Alejandro Evaristo

Los hombres somos producto de sueños, decía el abuelo mientras caminaba hacia la modesta vivienda al norte de la ciudad, atrás de la central de abasto, en una de las zonas más jodidas de este monstruo de hierro, concreto y ladrillos.

Pese al cúmulo de años y experiencias aferrados a sus hombros, el hombre contaba aún con la siempre grata posibilidad de valerse por sí mismo, tal como hacía desde aquel otoño de 1958, cuando fue abandonado a las puertas de la comisaría local por una mujer que, pasos adelante, murió atropellada por una patrulla de la propia corporación. 

Ambos casos fueron “accidente”, el de ella por no haber podido mantener las piernas cerradas ante el constante acecho del hijo de su casero, allá por los rumbos de la otra central, la de autobuses, para luego ser abandonada; el de él, por haber tenido la ocurrencia de concretarse en un vientre a todas luces equivocado.

Cada uno su vida. Ella la perdió de a poco conforme su barriga crecía mientras hacía de todo para sobrevivir en una naciente urbe llena de humanos para quienes su existencia era, por decir lo menos, incomprensible, incluso ahora, porque esta historia no es sobre ella, sino a propósito del viejo sentado en la banca del parque central alimentando una docena de aves poco después del amanecer.

Un hombre calvo se ha sentado a su lado.
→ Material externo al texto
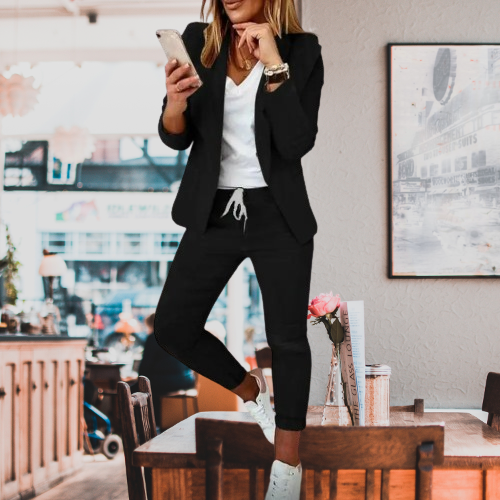 Elegante Frau im schwarzen Blazer und Jogginghose, hält Smartphone. Modetrend, Business-Casual, stilvolle Damenbekleidung, urbaner Look.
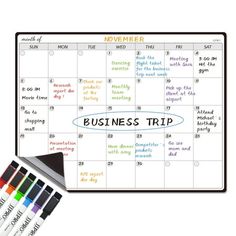 a dry erase calendar with markers and markers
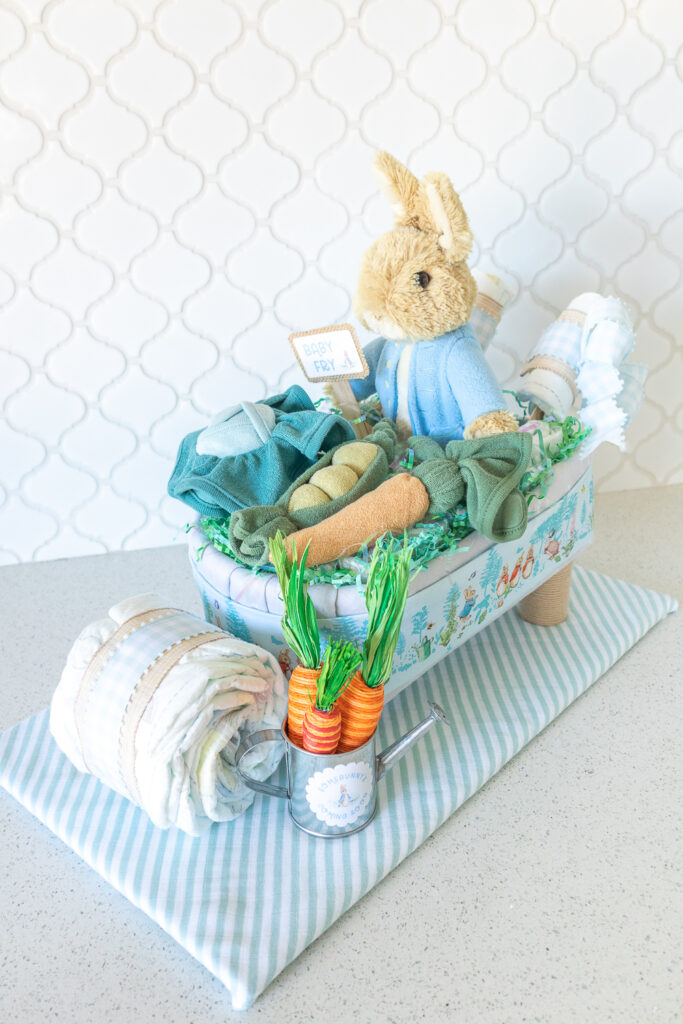 A photo of a handmade Peter Rabbit wheelbarrow diaper cake on an angle. A tan plush rabbit with a light blue jacket is sitting in a diaper cake made out of baby blankets and diaper. Sitting on top of the wheelbarrow are vegetables (cabbage, pea pods, carrots) made from washcloths. The wheelbarrow is wrapped in a strip of blue Peter Rabbit fabric. The wheel and handles are made from diapers. There are light blue gingham bows attached to the handles. 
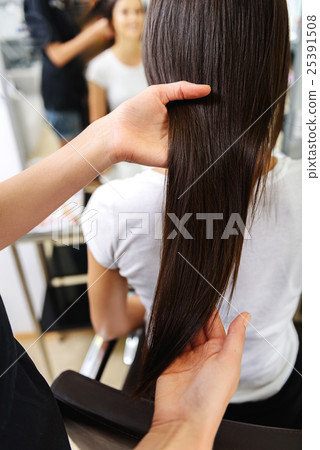 barber working with her customer barber working with her customer 25391508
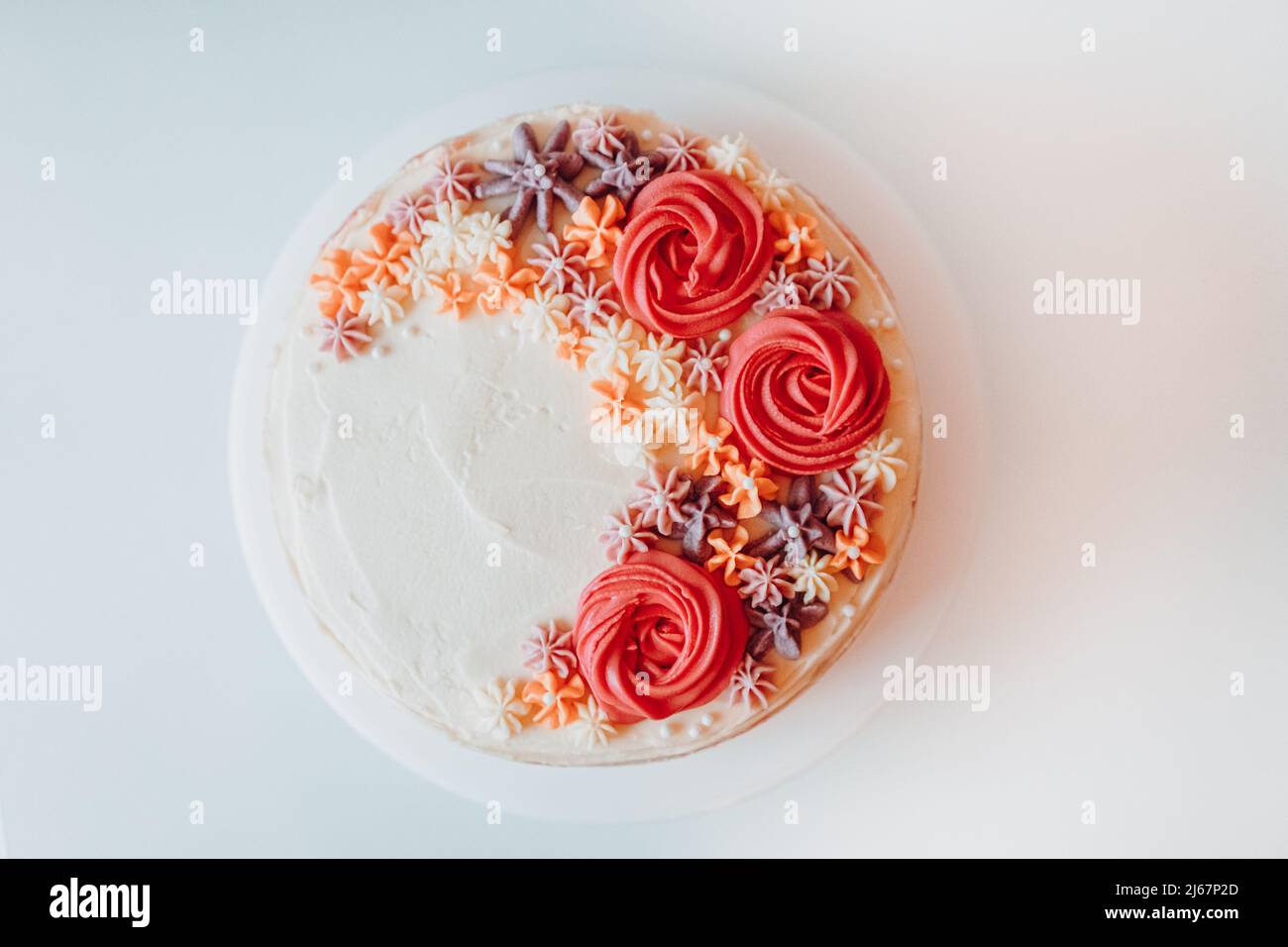 Hausgemachter klassischer Vanillemarmor-Sahnetorte, bestreut mit cremigen Blumendekorationen auf einem weißen Teller, Retro-Rustikale Farbdekoration und Ornamenten Stockfoto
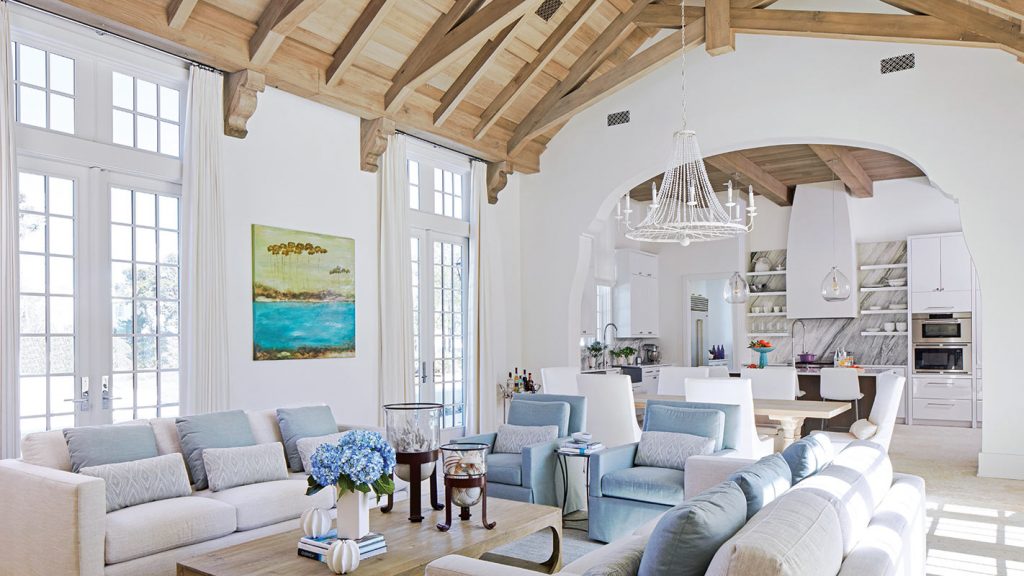 Living room with a timber vaulted ceiling, white sofas and blue hydrangeas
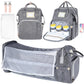 Gray diaper bag with multiple compartments and accessories on a white background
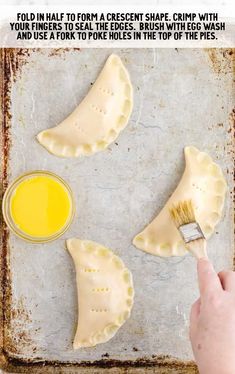 someone using a paint brush to make empanadas on a baking sheet with text overlay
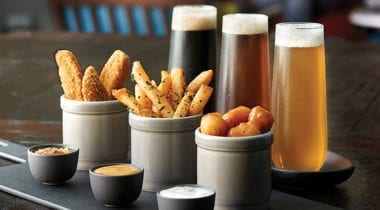 fried appetizers with glasses of beer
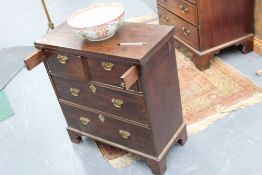 A 19th Century mahogany batchelor's chest, with folding top above two short and two long graduated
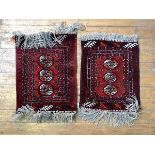 A Pair of Hand Knotted Turkman rugs, the red field with three guls framed in border, 75cm x 56cm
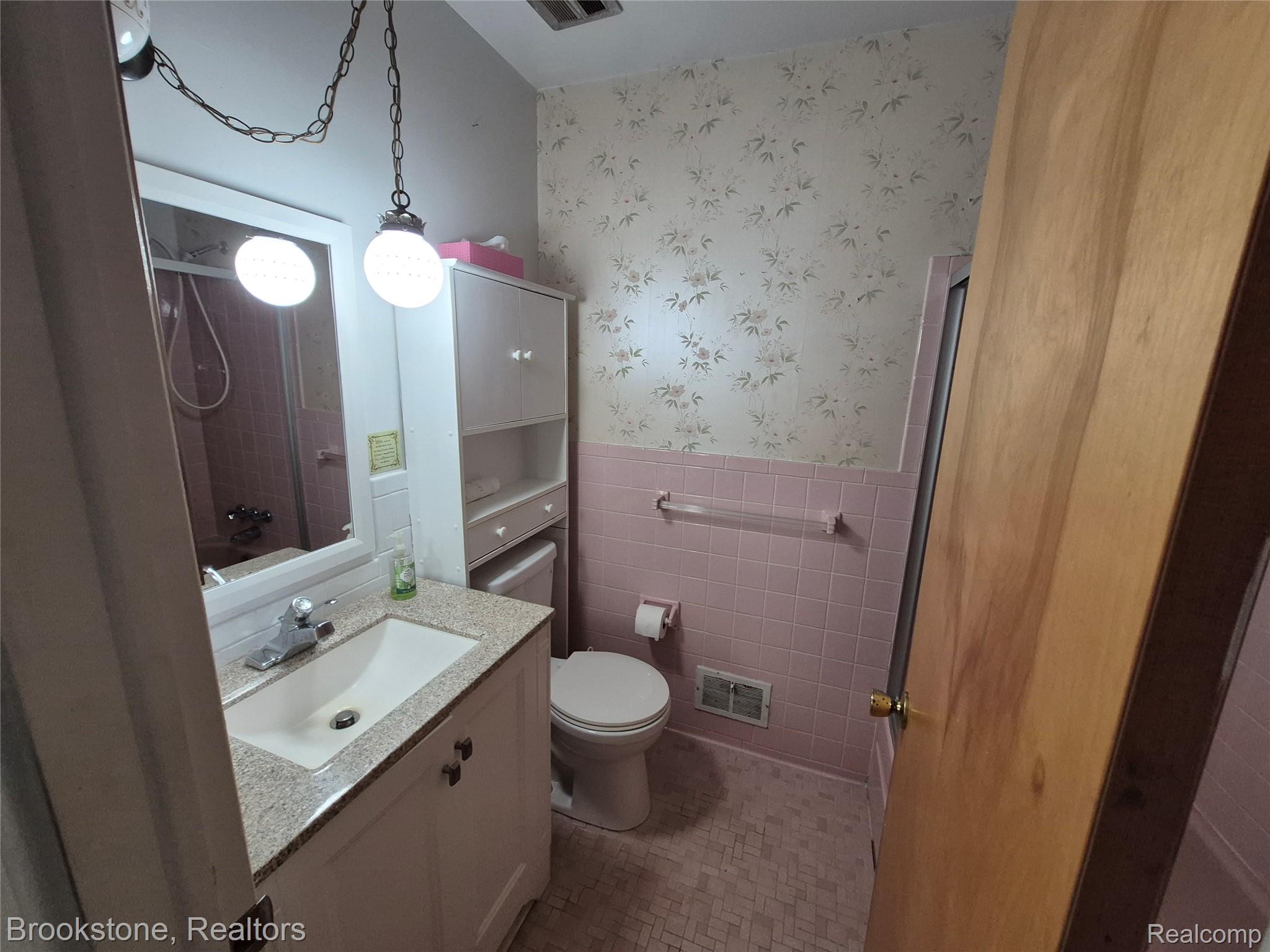 4295 Sashabaw Road Waterford, MI 48329 - Photo 25 of 37 Bathroom featuring a white vanity with a granite-style countertop and an integrated sink, a toilet, pink wall tiling, and a built-in storage cabinet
Sus bolsillos albergan unas cuantas monedas y sus ojos una desesperación de esas que permanecen a pesar del vuelo de tantas palomas juntas.

“Son hermosas, ¿no lo crees?”.

El hombre a su lado solo sonríe y asiente desganado mientras trata de incorporarse. “Lo son, viejo”, responde al tiempo de intentar andar.

“Cuando tenía tu edad –replica el abuelo-, no me daba tiempo para entender la oportunidad de un día y esas libertades que nos presumen de a poco después de comer. Ellas solo van y vienen de un árbol a otro buscando una migaja, un cable o una cornisa y luego vuelven a la libertad del vuelo y a la paz de un sitio como este donde todos soñamos algo. Yo, por ejemplo, ahora mismo deseo llegar a casa y no hay otra cosa más importante en este momento que el colchón ese que alguien me regaló hace años porque se había cansado de soñar en él…”.

Otra sonrisa y una reflexión. Pregunta al viejo si ha comido y este niega con la cabeza, pero sonríe porque ellas, las que se han ido, se han alimentado lo suficiente como para cruzar este cielo contaminado en busca de otro poco de pan que otros como él, quizá, les arrojen al piso.

A unos cuantos metros de ahí, una señora vende tamales y café caliente. El viejo sigue sentado y se queda con sus palabras atrapadas en las múltiples arrugas de un rostro que luego, sorprendido, mira al otro caminar hacia ella, hablar, señalarle y meter su mano al bolsillo mientras la señora le dice que no, no es necesario.

Regresa y le da un vaso desechable con la bebida humeante y le extiende un pedazo de papel que huele a chile y masa calientita.

“¿Qué le dijo?, ¿por qué no aceptó las monedas?”. Ella lo ve casi siempre acá, respondió, dice que quisiera darle más pero no puede y esta mañana alguien le pagó una pieza más para que la regalara. No aceptó el dinero, solo pidió que mañana, cuando haya oportunidad, ayudemos a alguien…

Las palomas han vuelto porque un poco de ese preciado bien inmaterial de nuestro México mágico se desmorona entre los avejentados dedos; algunas sobras caen y otras son arrojadas. No es mucho, pero les dará un poco más de fuerza para llegar al otro parque y buscar más, porque eso hacen ellas, buscar más.

“Los hombres somos producto de sueños”, repite el viejo y palmea la espalda de su nuevo amigo quien, con cierto pesar, se despide.

Todos sonríen: la señora de los tamales atestiguando la escena; el abuelo mientras asusta a las palomas con sus pasos, y estas mientras escuchan el perfecto idioma de un hombre sabio quien ha descubierto la realidad a nuestro alcance.

El hombre sin cabello se ha detenido un poco más adelante y gira porque eso hacemos, ver hacia atrás para recordar: “tiene razón y lo recordaré siempre viejo… somos sueños…”.